Single by Chris Stapleton

from the album Higher
- Released: February 12, 2024
- Studio: RCA Studio A (Nashville, Tennessee)
- Genre: Country, blues
- Length: 3:42
- Label: Mercury Nashville
- Songwriter: Chris Stapleton
- Producers: Chris Stapleton; Morgane Stapleton; Dave Cobb;

Chris Stapleton singles chronology
| "White Horse" (2023) | "Think I'm in Love with You" (2024) | "A Song to Sing" (2025) |

Music video
- "Think I'm in Love with You" on YouTube

= Think I'm in Love with You =

2023 song by Chris Stapleton

"Think I'm in Love with You" is a song by American singer-songwriter Chris Stapleton.
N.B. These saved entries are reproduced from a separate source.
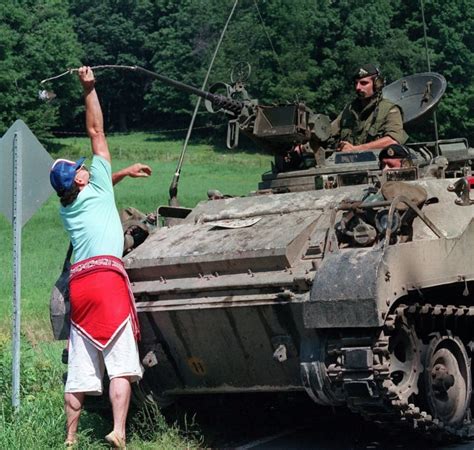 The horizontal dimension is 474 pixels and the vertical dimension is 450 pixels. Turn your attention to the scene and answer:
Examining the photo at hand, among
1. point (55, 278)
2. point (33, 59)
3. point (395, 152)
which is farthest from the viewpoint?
point (33, 59)

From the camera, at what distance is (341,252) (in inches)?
308

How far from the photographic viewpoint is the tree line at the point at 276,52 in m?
56.8

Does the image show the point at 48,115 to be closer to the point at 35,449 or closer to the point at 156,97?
the point at 156,97

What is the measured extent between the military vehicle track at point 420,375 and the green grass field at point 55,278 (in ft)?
5.42

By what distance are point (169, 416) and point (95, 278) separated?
211cm

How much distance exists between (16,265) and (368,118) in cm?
370

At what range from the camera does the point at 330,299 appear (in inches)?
294

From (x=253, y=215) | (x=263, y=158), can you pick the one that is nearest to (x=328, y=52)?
(x=263, y=158)

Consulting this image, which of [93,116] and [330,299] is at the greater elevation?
[93,116]

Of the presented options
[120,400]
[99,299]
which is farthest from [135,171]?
[120,400]

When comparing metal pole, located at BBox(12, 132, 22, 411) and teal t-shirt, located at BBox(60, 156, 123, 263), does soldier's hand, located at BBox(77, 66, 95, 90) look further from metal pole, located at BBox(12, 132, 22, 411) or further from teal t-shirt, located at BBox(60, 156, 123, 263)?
metal pole, located at BBox(12, 132, 22, 411)

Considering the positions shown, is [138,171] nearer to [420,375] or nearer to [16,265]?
[16,265]

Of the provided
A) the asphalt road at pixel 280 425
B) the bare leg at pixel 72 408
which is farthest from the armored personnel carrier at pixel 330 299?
the bare leg at pixel 72 408

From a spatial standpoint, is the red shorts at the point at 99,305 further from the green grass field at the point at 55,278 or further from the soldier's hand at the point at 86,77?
the soldier's hand at the point at 86,77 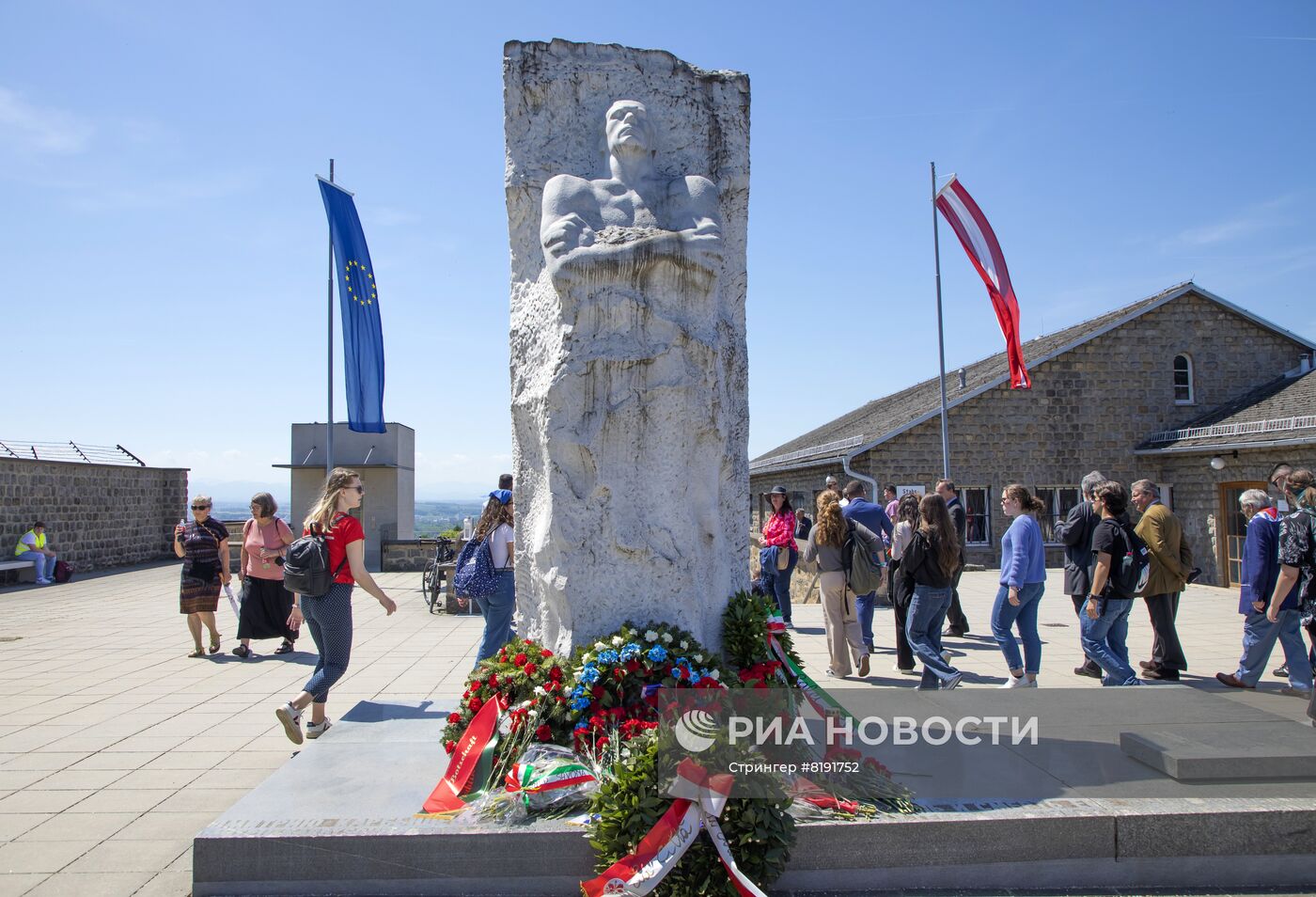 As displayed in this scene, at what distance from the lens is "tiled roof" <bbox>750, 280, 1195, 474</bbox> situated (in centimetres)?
1927

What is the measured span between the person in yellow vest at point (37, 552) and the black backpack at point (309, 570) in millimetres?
15342

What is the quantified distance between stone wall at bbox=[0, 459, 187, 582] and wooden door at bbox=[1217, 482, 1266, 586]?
23646mm

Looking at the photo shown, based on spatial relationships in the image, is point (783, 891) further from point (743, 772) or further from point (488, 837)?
point (488, 837)

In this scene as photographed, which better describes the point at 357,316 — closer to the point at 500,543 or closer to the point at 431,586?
the point at 431,586

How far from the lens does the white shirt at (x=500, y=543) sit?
6176 millimetres

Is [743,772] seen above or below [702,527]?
below

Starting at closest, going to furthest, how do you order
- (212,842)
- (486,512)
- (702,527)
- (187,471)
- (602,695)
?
(212,842) → (602,695) → (702,527) → (486,512) → (187,471)

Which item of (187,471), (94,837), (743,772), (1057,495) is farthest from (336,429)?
(743,772)

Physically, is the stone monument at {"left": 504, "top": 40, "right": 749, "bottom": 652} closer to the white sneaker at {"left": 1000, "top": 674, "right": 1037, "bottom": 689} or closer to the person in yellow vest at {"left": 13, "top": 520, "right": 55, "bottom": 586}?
the white sneaker at {"left": 1000, "top": 674, "right": 1037, "bottom": 689}

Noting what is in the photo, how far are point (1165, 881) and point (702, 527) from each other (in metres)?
2.44

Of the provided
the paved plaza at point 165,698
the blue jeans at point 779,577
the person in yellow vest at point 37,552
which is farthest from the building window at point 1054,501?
the person in yellow vest at point 37,552

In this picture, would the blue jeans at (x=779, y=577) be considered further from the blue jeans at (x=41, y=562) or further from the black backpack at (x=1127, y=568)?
the blue jeans at (x=41, y=562)

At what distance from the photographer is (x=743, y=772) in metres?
3.27

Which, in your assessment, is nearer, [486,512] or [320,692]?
[320,692] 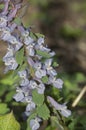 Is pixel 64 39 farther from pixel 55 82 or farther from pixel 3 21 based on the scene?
pixel 3 21

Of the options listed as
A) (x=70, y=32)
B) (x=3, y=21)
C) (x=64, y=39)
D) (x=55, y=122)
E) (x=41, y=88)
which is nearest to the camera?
(x=3, y=21)

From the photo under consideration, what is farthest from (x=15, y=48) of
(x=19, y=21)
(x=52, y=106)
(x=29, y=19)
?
(x=29, y=19)

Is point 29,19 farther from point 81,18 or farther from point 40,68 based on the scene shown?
point 40,68

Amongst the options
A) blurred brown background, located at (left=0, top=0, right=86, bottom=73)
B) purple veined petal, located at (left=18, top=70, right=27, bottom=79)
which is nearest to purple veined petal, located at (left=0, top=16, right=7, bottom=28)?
purple veined petal, located at (left=18, top=70, right=27, bottom=79)

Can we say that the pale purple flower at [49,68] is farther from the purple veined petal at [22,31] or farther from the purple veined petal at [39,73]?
the purple veined petal at [22,31]

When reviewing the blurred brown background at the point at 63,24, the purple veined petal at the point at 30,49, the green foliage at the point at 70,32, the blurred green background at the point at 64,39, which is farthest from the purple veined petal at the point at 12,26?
the green foliage at the point at 70,32

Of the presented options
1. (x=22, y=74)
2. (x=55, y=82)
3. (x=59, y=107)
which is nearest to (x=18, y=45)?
(x=22, y=74) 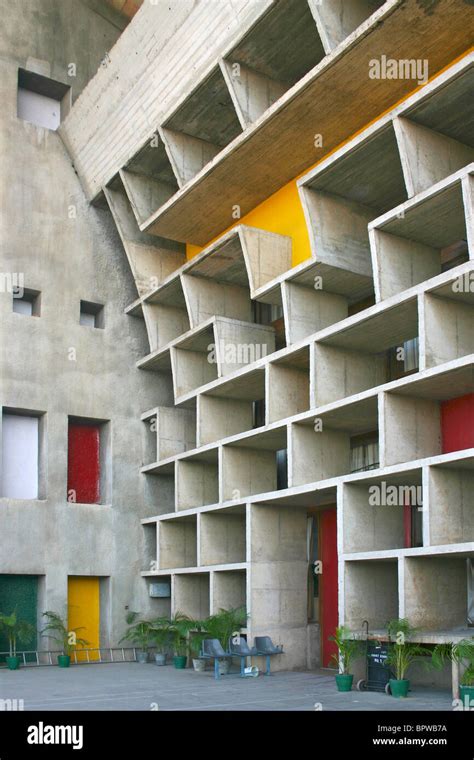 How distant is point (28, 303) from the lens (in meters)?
29.2

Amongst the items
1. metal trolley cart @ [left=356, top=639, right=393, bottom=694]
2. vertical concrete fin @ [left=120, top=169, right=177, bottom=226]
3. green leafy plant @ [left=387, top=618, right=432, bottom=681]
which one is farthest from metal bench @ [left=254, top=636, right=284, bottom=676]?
vertical concrete fin @ [left=120, top=169, right=177, bottom=226]

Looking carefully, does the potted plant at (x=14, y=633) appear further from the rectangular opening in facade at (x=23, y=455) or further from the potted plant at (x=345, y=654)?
the potted plant at (x=345, y=654)

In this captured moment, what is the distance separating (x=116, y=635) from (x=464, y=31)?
19.8 metres

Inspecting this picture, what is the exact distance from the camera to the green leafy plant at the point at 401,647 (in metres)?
17.6

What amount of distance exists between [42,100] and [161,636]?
18.2 m

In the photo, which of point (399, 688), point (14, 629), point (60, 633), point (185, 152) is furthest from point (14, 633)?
point (185, 152)

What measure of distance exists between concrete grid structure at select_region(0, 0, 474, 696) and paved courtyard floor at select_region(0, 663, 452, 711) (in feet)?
5.52

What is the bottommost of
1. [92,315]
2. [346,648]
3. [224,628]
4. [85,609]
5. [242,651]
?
[242,651]

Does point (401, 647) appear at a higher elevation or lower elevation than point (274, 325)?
lower

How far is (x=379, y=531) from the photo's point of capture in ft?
68.9

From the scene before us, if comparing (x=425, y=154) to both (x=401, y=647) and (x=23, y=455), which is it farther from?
(x=23, y=455)

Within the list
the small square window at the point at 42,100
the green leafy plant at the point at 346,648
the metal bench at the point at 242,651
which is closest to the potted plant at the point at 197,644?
the metal bench at the point at 242,651

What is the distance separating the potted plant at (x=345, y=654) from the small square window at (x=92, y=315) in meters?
14.8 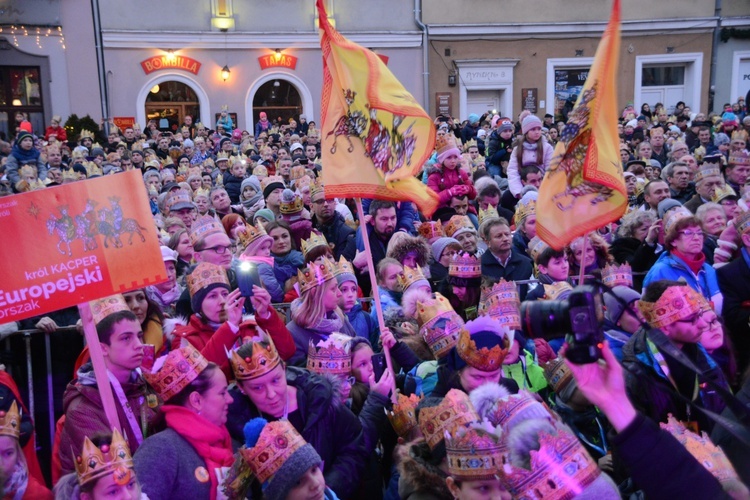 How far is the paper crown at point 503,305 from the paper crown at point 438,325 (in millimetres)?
256

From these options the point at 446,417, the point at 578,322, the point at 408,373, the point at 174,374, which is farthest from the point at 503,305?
the point at 578,322

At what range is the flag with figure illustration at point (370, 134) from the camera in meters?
5.02

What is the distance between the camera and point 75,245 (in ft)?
11.8

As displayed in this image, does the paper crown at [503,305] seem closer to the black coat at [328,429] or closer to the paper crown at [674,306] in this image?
the paper crown at [674,306]

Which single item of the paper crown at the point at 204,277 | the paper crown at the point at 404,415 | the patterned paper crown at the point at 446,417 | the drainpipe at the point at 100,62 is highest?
the drainpipe at the point at 100,62

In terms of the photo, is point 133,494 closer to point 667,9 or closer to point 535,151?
point 535,151

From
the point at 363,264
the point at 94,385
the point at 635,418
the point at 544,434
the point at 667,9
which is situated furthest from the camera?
the point at 667,9

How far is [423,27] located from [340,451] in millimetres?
22639

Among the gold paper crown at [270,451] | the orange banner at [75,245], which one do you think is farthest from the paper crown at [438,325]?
the orange banner at [75,245]

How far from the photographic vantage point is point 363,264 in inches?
262

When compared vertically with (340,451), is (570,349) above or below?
above

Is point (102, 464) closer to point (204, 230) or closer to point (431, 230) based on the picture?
point (204, 230)

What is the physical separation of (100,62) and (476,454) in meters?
22.5

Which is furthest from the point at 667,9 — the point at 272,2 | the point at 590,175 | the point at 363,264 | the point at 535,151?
the point at 590,175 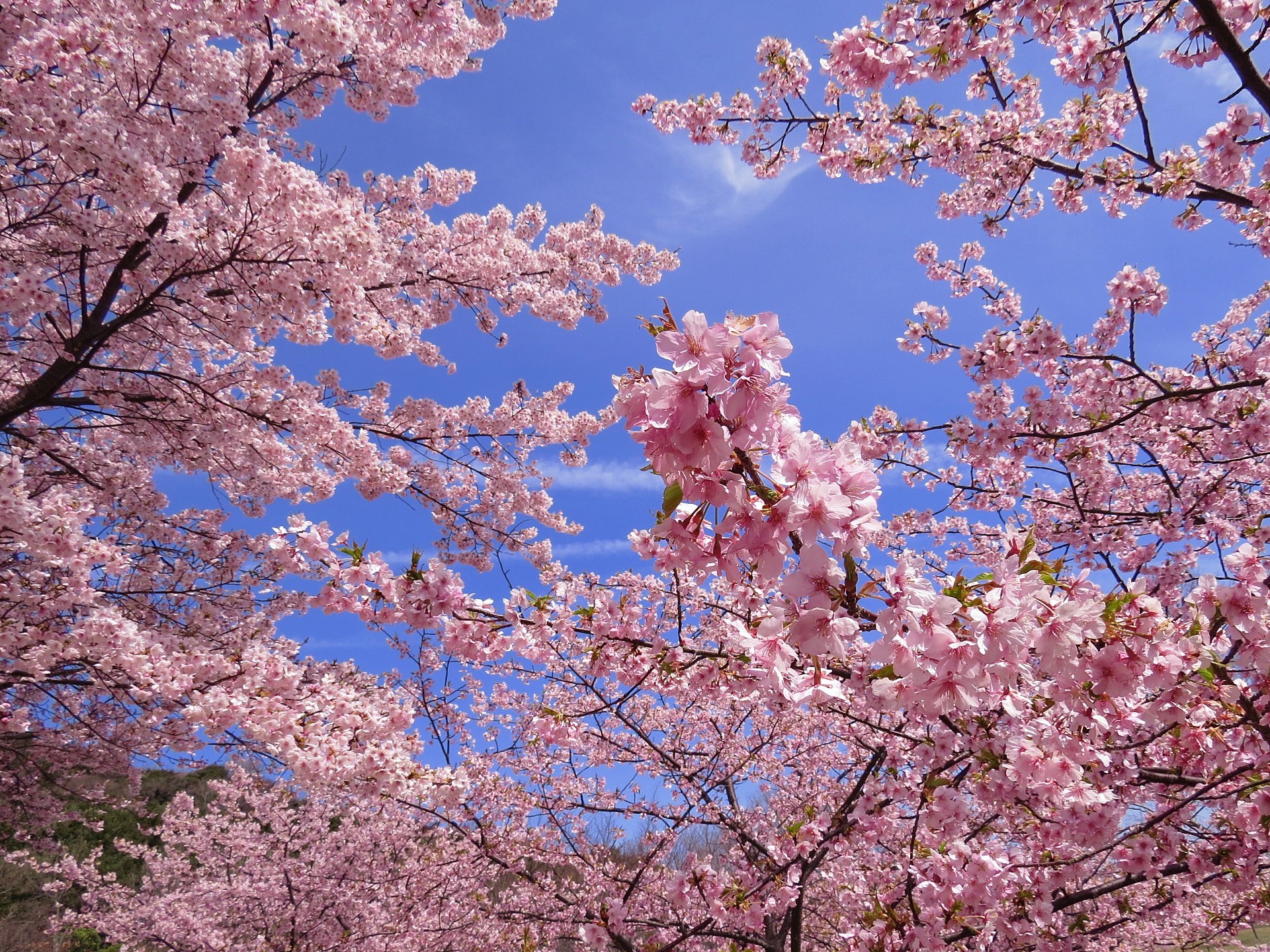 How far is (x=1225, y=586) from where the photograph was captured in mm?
2008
It was first released on September 8, 2023, as a promotional single from his fifth studio album Higher (2023), before being released as the album's second single on February 12, 2024.

==Composition==
The song includes elements of blues, electric guitar, slow and "laid-back" grooving rhythm, and a bassline described as "tight" and "burbling". Lyrically, Chris Stapleton confesses his love for a woman and devotion toward her, emphasizing the power she holds over him. The bridge features a violin section that "gestures in the general direction of '70s soul", while Stapleton repeats the lyrics from the chorus.

==Critical reception==
Maxim Mower of Holler commented the song "feels cut from the same sonic cloth" as Stapleton's song "White Horse", "but with a welcome boost of swagger and playfulness introduced." Tom Breihan of Stereogum, describing the song as "downright funky", stated "This doesn't really sound like country music at all, and Stapleton's got the voice to pull it off." Mary Claire Crabtree of Whiskey Riff wrote "The vocals are the focal point of this single, highlighting that he is more than an outlaw singer that can wail some powerful notes. The softer side of Stapleton on this track highlights his vocal control and the blend created between melodies and vocals. But make no mistake, he picks his spots to let it rip."

== Music video ==
The music video was directed by Running Bear and premiered on August 29, 2024, with actor Andre Royo playing the main character.

==Other versions==
Chris Stapleton and singer Dua Lipa performed a duet of the song at the 59th Academy of Country Music Awards. A recording of their performance was released to streaming services on May 20, 2024.

==Charts==

===Weekly charts===

Weekly chart performance for "Think I'm in Love with You"
| Chart (2023–2025) | Peak position |
|---|---|
| Canada Hot 100 (Billboard) | 67 |
| Canada Country (Billboard) | 25 |
| US Billboard Hot 100 | 49 |
| US Country Airplay (Billboard) | 12 |
| US Hot Country Songs (Billboard) | 12 |

===Year-end charts===

2024 year-end chart performance for "Think I'm in Love with You"
| Chart (2024) | Position |
|---|---|
| US Hot Country Songs (Billboard) | 18 |

2025 year-end chart performance for "Think I'm in Love with You"
| Chart (2025) | Position |
|---|---|
| Canada Country (Billboard) | 57 |
| US Country Airplay (Billboard) | 50 |
| US Hot Country Songs (Billboard) | 47 |

== Certifications ==

Certification for "Think I'm in Love with You"
| Region | Certification | Certified units/sales |
| New Zealand (RMNZ) | 2× Platinum | 60,000^{‡} |
| United States (RIAA) | 2× Platinum | 2,000,000^{‡} |
^{‡} Sales+streaming figures based on certification alone.